Johannes Bernsteiner

Johannes Bernsteiner (2025): Life and Death of Great City Highways: Shifting Paradigms in Urban Planning from a European and Asian Perspective, 1st reviewer: Aglaée Degros, 2nd reviewer: Maarten van Acker

“Life and Death of Great City Highways” investigates the transformation of city highways in light of paradigm shifts in contemporary urban planning. Once regarded as symbols of progress, connectivity, and modernist rationality, these infrastructures today increasingly embody spatial fragmentation, environmental degradation, and social exclusion.
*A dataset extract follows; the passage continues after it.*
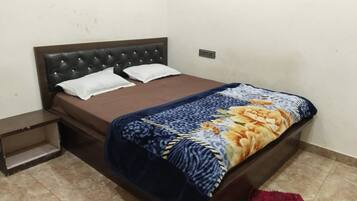 Escritorio, camas plegables/adicionales, wifi gratis y ropa de cama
In the context of ecological crises, urban densification, and societal polarization, the question of their future also points toward new guiding models for urban development. 
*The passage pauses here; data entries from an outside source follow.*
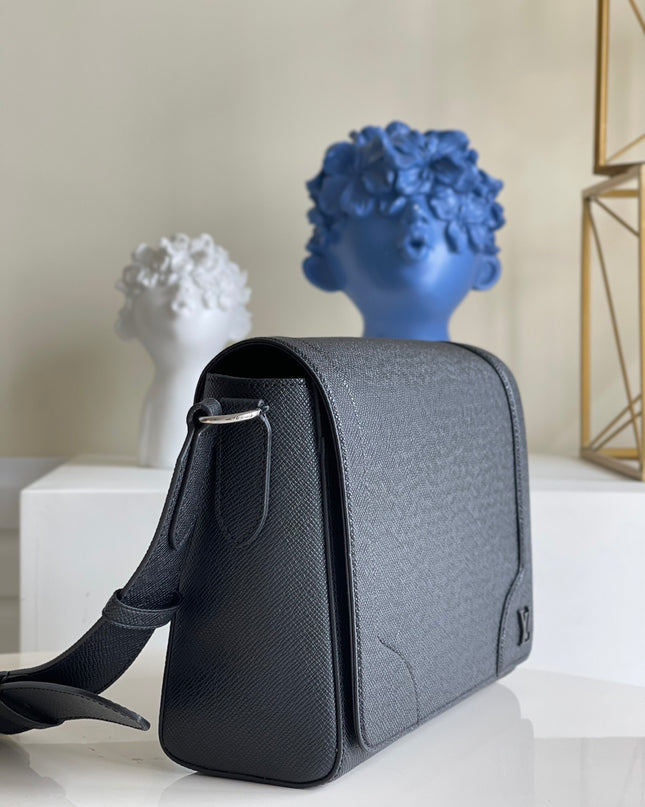 Louis Vuitton New Flap Messenger Bag M30807 - Premium Black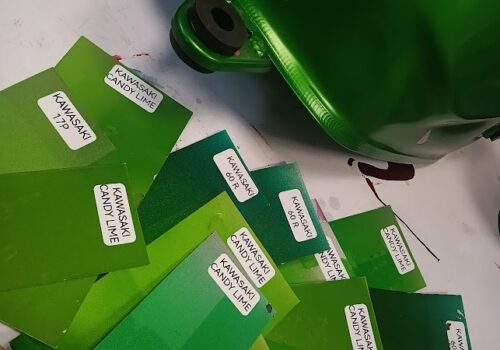 Kolorystyka motocyklowa – wyzwania, trendy i techniki lakiernicze Kolorystyka motocyklowa – wyzwania, trendy i techniki lakiernicze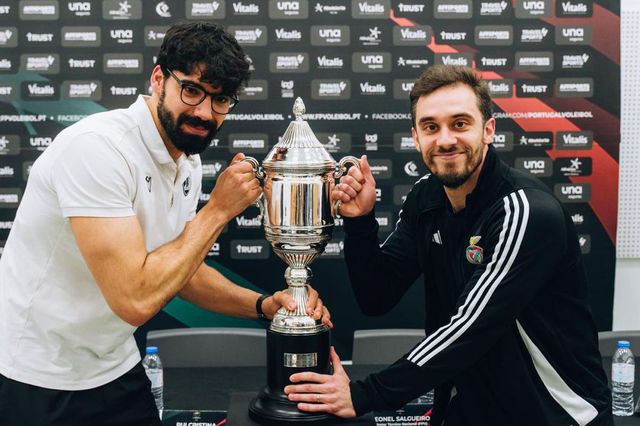 Os capitães do Vitória SC, Miguel Cunha, e do Benfica, Ivo Casas com o troféu da Taça. Foto Diogo Oliveira/FPV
Theoretically, this dissertation is situated at the intersection of actor-network theory, Henri Lefebvre’s spatial triad, and Thomas S. Kuhn’s concept of paradigms. It understands urban infrastructures not as neutral artifacts, but as sociotechnical assemblages which interlink material, political, cultural, and symbolic orders. The specifically developed model of the paradigm triad draws on six interwoven vectors to analyze urban change: cultural, ecological, economic, mobile, political, and spatial. 

Methodologically, a multidimensional comparative design combines qualitative fieldwork, expert interviews, photographic mapping, and discourse analysis. Four case studies—despite differing cultural contexts, political systems, and planning approaches—collectively demonstrate how city highways become focal points of sociotechnical negotiation: the restoration of the Catharijnesingel in Utrecht, the pedestrianization of the Parisian Voies sur Berges, the ecological renewal of the Cheonggyecheon Stream in Seoul, and the ongoing transformation of Tokyo’s KK Line. Together, they offer new perspectives on sustainable urban development, infrastructural justice, and post-car mobility. By contributing to critical urban studies, this dissertation illuminates—in a tangible, practice-oriented manner—how relics of modernity can be transformed into sites of collective reappropriation, ecological repair, and urban renewal.